Top of Material provided
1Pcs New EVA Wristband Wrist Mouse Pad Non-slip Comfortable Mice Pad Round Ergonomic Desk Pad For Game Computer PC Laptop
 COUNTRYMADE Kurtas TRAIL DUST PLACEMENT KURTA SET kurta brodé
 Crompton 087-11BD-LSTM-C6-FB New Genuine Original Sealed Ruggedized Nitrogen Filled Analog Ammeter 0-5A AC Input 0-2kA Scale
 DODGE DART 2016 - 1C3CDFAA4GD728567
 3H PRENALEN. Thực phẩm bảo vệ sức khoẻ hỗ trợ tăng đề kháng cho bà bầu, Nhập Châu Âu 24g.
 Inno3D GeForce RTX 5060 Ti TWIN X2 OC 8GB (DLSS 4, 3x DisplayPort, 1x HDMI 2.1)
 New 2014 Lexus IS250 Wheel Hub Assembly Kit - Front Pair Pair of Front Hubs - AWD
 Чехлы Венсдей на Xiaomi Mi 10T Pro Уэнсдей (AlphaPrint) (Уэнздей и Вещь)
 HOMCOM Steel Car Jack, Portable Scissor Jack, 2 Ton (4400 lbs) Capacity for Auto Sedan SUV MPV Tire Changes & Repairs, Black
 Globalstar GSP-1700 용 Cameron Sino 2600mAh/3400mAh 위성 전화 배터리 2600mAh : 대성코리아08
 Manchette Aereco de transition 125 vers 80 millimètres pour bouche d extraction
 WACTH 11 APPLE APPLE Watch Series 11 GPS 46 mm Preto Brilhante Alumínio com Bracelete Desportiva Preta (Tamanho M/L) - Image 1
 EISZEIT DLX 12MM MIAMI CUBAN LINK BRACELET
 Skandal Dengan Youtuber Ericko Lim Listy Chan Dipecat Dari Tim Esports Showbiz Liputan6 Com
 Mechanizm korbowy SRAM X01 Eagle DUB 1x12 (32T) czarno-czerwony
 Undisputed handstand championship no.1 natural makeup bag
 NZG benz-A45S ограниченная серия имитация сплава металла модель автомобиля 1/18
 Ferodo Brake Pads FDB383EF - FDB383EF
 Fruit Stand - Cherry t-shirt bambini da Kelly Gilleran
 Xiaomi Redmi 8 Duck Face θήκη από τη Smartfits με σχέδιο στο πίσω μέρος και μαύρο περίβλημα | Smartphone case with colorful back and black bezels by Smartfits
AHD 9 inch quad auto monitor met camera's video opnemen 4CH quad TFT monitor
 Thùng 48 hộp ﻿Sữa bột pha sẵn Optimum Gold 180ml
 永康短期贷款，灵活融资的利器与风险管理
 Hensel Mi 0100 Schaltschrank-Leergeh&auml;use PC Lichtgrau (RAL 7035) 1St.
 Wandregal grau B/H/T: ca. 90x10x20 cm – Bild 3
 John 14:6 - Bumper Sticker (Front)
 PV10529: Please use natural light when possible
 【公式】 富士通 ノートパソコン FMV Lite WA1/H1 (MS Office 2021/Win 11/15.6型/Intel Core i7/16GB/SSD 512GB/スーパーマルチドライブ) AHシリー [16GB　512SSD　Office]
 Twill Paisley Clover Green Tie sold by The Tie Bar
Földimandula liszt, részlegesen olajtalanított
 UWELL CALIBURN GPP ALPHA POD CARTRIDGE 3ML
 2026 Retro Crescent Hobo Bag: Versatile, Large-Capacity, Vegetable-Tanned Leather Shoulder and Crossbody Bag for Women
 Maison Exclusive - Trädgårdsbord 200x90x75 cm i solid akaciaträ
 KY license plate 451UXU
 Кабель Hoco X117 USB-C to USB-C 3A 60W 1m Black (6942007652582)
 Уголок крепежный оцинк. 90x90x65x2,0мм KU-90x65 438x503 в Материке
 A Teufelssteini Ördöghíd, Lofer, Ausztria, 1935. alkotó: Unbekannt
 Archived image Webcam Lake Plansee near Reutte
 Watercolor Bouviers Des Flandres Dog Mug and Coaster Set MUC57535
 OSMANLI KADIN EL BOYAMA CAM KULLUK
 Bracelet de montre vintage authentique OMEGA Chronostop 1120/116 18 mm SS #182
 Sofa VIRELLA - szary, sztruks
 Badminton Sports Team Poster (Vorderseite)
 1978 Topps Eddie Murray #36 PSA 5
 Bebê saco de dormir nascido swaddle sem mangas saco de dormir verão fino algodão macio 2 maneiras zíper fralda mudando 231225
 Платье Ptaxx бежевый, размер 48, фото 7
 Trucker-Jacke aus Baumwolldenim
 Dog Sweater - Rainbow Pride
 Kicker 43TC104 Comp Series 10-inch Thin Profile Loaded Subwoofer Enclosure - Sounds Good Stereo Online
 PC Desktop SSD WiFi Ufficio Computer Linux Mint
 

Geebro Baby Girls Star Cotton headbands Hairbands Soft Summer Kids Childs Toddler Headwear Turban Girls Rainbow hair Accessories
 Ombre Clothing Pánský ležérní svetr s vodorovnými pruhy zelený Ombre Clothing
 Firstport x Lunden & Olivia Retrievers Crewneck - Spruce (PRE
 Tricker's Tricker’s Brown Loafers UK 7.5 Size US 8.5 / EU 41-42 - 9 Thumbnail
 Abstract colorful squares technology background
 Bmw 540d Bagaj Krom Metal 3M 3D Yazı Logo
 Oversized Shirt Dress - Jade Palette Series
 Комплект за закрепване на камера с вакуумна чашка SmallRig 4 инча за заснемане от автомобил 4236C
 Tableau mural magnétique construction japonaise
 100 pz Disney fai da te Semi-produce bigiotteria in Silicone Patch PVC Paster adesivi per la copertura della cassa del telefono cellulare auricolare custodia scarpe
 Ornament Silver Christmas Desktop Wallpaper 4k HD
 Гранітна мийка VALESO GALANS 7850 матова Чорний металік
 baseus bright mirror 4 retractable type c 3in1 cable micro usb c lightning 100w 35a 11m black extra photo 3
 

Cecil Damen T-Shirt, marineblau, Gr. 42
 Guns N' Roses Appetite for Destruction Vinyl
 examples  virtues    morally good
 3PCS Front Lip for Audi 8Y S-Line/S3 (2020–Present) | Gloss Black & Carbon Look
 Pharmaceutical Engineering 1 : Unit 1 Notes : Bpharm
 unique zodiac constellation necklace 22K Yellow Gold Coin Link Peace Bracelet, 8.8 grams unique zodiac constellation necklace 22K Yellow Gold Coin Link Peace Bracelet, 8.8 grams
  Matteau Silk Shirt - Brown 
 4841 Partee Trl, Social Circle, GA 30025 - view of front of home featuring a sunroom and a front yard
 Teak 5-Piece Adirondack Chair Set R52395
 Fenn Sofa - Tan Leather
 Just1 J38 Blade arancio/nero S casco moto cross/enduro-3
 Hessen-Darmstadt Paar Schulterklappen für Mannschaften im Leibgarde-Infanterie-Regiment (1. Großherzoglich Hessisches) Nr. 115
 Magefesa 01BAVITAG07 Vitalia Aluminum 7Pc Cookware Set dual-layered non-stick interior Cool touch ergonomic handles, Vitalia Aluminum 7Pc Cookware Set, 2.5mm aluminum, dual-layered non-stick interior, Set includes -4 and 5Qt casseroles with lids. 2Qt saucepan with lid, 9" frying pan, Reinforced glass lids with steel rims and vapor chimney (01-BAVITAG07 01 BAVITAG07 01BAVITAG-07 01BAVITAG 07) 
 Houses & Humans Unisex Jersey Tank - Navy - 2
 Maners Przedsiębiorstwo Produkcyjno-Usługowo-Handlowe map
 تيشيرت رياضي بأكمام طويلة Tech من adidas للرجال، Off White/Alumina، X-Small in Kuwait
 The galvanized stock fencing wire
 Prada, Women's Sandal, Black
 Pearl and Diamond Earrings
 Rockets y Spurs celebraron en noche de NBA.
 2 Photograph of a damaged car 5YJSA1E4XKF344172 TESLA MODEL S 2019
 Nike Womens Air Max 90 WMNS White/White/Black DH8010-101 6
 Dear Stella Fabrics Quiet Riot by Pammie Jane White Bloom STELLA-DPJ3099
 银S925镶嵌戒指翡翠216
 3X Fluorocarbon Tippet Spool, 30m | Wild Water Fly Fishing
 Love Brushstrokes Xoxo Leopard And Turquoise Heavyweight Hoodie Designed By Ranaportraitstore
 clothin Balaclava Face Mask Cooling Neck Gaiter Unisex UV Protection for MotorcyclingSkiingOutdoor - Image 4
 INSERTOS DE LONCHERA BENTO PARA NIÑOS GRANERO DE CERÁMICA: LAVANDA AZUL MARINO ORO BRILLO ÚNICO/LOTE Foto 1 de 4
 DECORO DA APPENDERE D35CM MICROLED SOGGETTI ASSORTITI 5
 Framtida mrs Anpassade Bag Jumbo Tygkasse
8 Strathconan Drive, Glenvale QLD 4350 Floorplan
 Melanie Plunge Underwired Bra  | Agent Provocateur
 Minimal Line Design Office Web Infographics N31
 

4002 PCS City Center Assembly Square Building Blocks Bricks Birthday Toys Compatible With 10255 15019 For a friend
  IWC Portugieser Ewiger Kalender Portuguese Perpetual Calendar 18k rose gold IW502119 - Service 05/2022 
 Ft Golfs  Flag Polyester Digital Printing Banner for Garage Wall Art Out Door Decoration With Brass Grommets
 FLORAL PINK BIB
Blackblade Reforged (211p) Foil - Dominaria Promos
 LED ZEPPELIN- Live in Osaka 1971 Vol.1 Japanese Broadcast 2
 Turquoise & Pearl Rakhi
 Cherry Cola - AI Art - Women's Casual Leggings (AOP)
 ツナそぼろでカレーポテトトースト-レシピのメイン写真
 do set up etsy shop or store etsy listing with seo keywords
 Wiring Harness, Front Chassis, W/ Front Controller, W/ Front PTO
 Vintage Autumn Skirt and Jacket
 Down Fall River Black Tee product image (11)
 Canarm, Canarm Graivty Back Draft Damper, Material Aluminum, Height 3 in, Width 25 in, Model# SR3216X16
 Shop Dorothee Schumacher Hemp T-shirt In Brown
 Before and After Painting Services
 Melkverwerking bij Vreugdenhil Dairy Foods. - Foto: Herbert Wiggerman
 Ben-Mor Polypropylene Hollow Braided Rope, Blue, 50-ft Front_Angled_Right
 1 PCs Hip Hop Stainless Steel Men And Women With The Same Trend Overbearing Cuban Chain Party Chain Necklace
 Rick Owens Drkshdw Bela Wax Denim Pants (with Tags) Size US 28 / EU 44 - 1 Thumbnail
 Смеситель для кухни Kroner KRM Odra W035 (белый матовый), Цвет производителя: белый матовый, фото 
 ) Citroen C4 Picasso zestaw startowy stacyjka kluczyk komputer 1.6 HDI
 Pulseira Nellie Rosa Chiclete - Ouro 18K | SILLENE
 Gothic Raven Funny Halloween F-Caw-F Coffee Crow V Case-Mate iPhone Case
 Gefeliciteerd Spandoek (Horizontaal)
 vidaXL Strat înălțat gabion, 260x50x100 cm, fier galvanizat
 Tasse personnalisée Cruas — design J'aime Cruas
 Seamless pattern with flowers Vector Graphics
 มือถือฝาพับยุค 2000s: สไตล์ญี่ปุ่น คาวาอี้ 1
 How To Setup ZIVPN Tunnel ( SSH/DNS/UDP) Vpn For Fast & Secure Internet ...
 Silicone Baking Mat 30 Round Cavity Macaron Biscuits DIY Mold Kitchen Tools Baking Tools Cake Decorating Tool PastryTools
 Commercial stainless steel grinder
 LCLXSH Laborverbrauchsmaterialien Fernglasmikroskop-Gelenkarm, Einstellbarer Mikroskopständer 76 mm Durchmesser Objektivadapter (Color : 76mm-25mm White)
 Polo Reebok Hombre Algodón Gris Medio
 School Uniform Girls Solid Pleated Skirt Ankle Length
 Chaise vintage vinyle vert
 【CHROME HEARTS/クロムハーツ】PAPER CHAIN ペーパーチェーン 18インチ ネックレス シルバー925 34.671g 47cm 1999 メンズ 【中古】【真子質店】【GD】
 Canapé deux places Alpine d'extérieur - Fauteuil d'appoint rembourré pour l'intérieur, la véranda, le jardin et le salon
Bottom of Material provided
Starting with the first line above and ending with the line that holds "COUNTRYMADE Kurtas TRAIL", restate each line word for word and add nothing else.

__Task result__
1Pcs New EVA Wristband Wrist Mouse Pad Non-slip Comfortable Mice Pad Round Ergonomic Desk Pad For Game Computer PC Laptop
 COUNTRYMADE Kurtas TRAIL DUST PLACEMENT KURTA SET kurta brodé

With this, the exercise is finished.